Prompt ▸
Starting at the line with "Shiny silver bars" and ending at the line with "STOJAK UCHWYT NA", print exactly the lines of the entries below. Pictures do not belong in the copy.

Data shown ▸
* * *
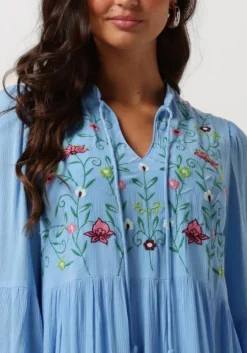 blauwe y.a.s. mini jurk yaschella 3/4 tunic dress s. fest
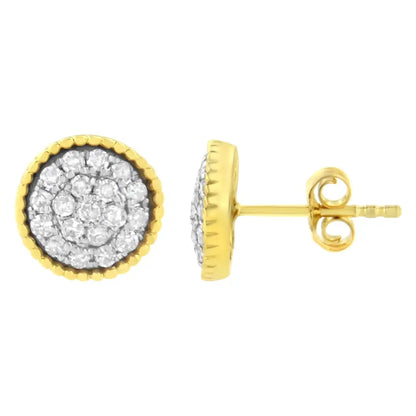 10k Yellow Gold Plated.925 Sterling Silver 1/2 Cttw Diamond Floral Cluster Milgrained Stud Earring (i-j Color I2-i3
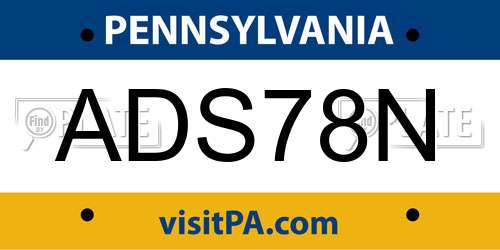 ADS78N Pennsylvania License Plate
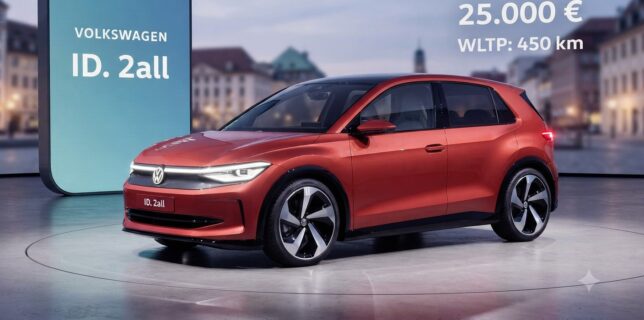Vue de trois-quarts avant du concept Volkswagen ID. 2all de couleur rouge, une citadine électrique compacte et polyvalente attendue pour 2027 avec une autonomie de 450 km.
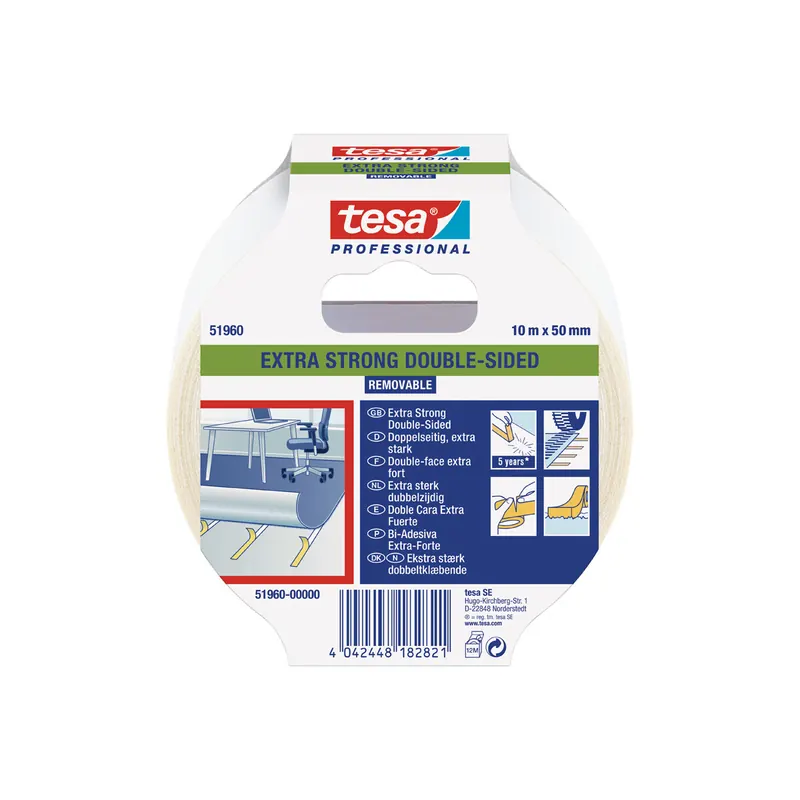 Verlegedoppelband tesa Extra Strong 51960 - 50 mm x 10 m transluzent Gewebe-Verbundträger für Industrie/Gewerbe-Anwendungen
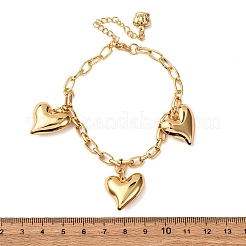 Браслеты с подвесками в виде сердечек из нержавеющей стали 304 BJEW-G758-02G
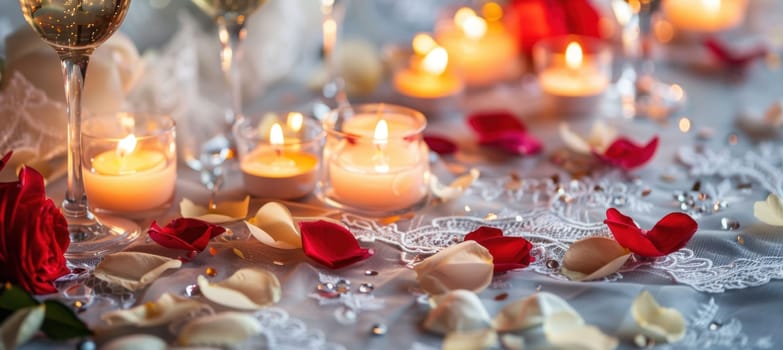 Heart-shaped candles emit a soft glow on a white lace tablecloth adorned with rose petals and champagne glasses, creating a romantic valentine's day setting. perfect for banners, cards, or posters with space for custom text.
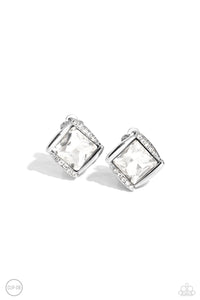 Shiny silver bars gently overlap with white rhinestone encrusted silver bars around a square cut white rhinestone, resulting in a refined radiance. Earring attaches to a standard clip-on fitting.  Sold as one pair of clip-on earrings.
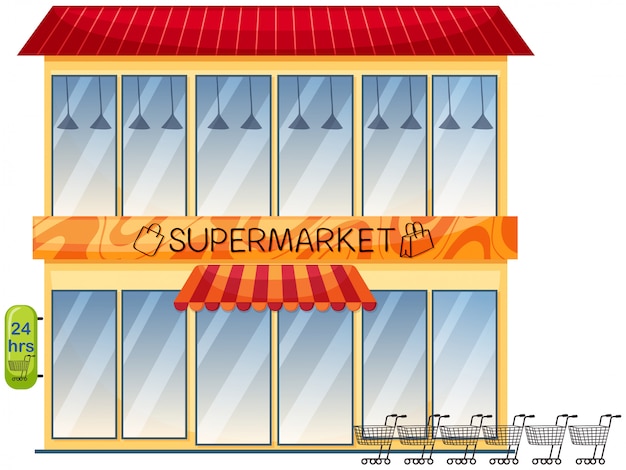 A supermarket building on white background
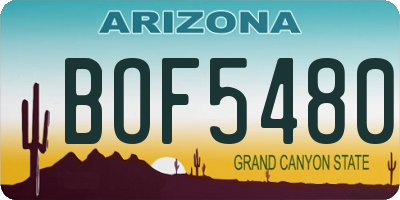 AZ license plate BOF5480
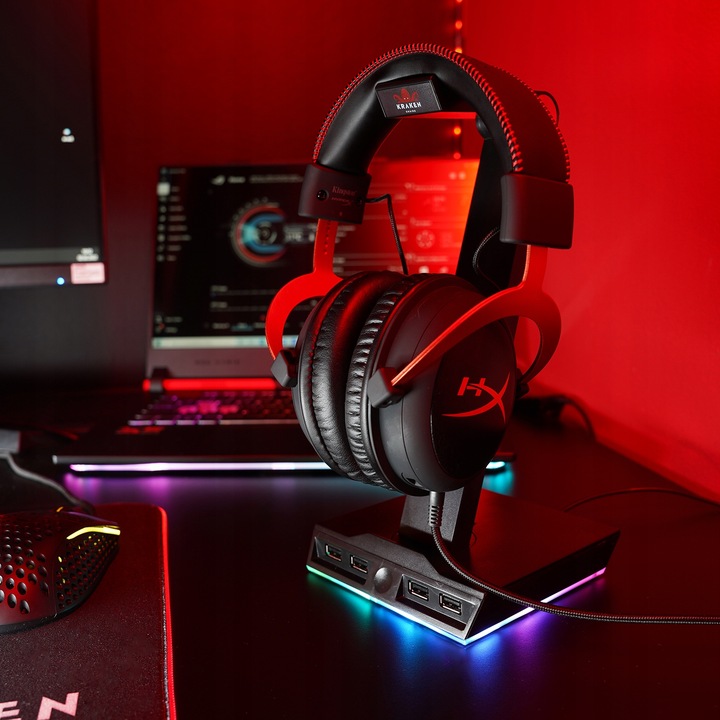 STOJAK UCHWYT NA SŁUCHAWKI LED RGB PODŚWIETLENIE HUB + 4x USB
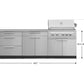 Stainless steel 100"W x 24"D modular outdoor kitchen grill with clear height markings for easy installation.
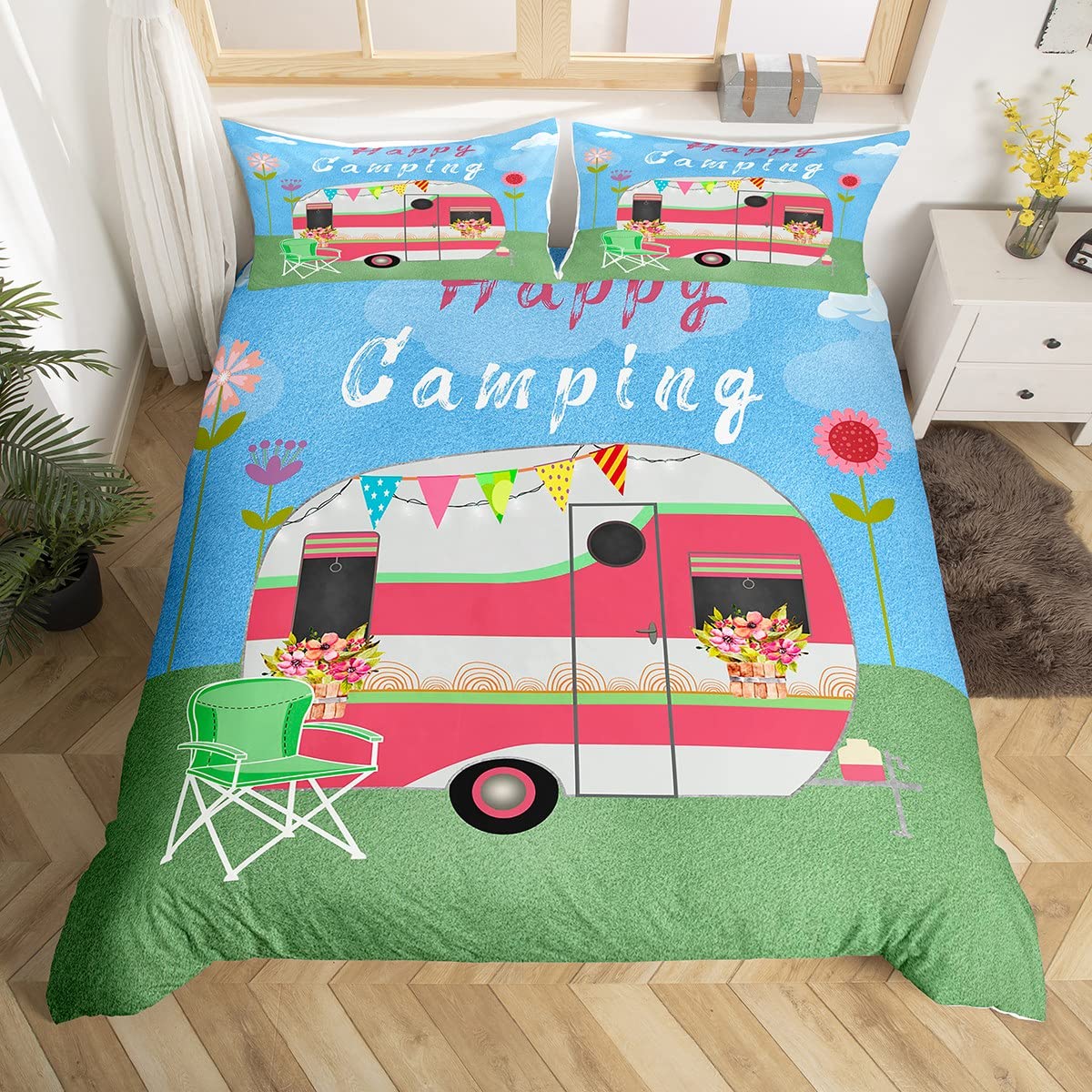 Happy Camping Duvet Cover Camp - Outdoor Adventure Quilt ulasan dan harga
* * *
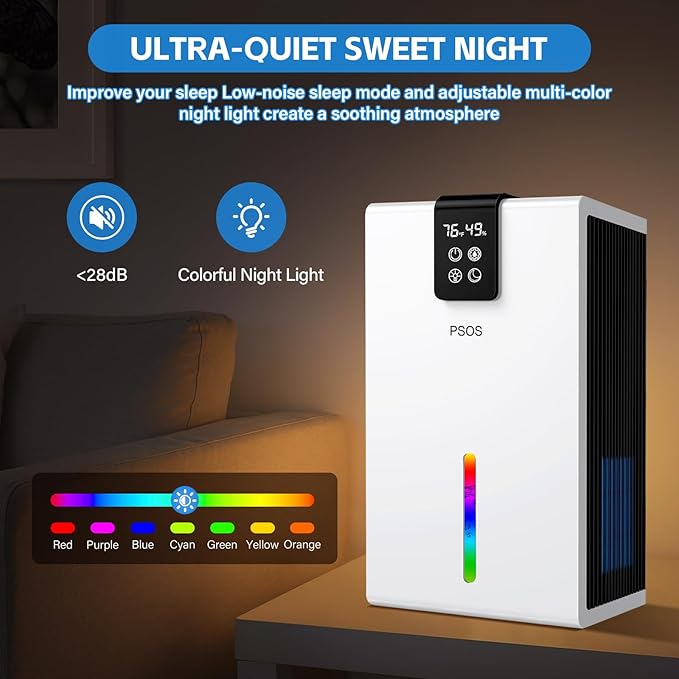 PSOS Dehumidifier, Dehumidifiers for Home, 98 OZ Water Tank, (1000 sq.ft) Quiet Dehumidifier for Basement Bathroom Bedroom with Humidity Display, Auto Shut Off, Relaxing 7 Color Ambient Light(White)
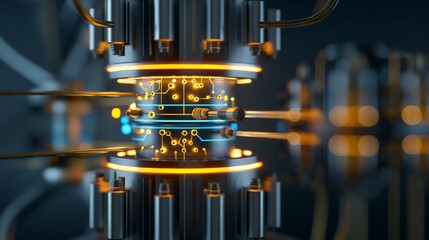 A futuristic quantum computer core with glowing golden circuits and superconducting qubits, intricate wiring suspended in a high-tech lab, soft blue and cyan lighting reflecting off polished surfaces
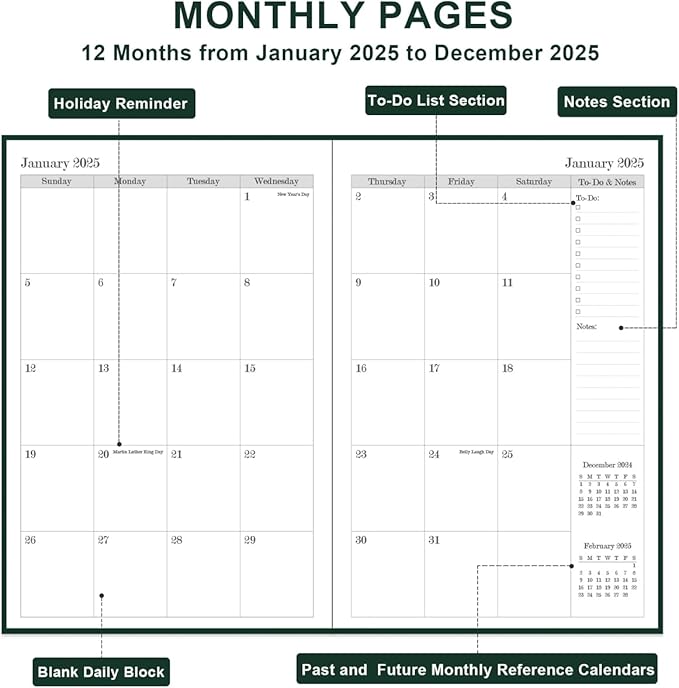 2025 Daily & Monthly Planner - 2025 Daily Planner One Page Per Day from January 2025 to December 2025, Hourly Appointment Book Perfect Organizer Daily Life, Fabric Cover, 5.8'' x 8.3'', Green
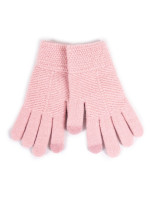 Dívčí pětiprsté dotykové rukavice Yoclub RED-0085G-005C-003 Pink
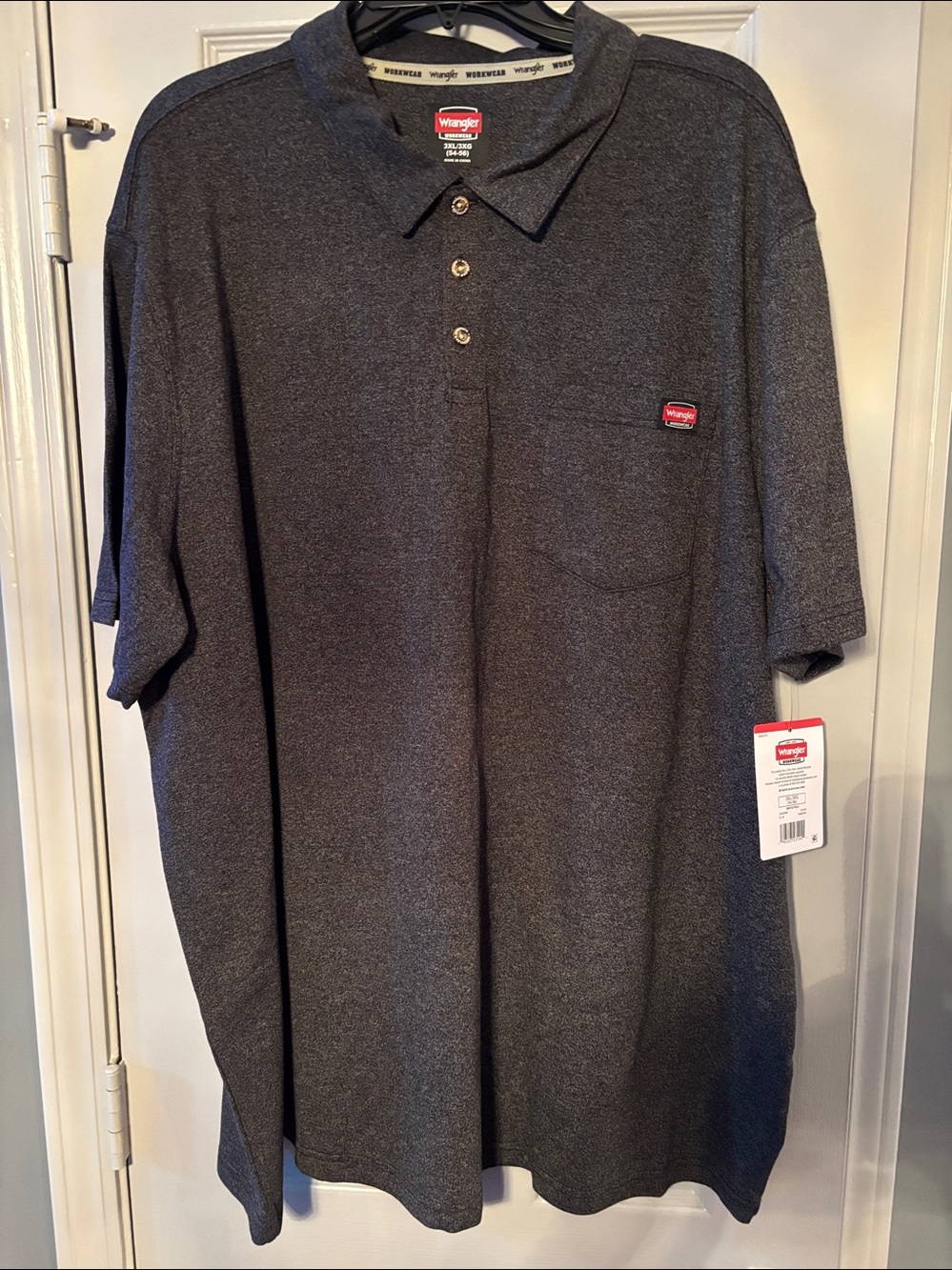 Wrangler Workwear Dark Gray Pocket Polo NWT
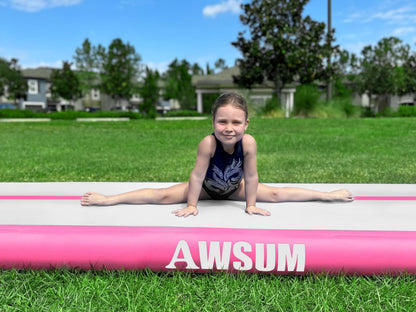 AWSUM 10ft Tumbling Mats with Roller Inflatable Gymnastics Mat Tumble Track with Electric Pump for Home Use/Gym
* * *
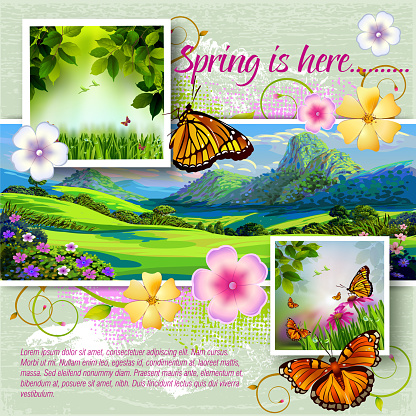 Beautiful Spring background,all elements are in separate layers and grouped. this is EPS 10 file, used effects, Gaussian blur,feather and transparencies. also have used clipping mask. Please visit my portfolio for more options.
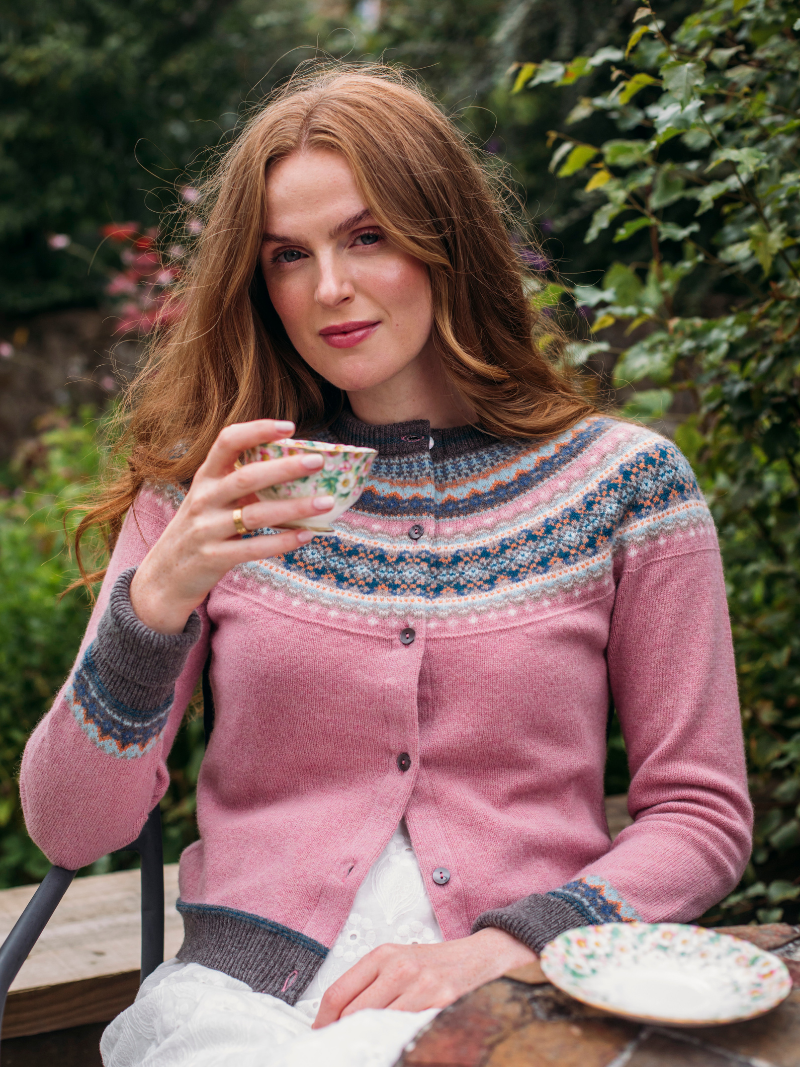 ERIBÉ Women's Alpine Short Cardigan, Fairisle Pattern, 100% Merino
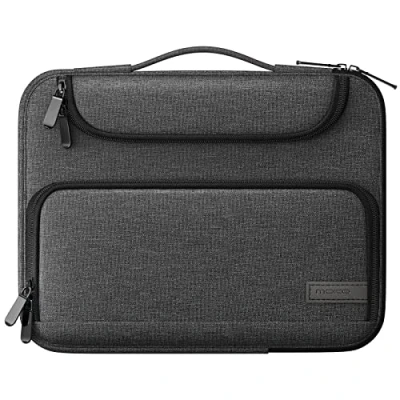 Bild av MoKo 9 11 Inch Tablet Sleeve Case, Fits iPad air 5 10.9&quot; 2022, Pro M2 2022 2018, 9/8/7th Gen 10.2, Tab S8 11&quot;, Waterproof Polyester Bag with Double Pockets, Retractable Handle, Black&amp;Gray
* * *
Output for this task ▸
 Shiny silver bars gently overlap with white rhinestone encrusted silver bars around a square cut white rhinestone, resulting in a refined radiance. Earring attaches to a standard clip-on fitting.  Sold as one pair of clip-on earrings.
 A supermarket building on white background
 AZ license plate BOF5480
 STOJAK UCHWYT NA SŁUCHAWKI LED RGB PODŚWIETLENIE HUB + 4x USB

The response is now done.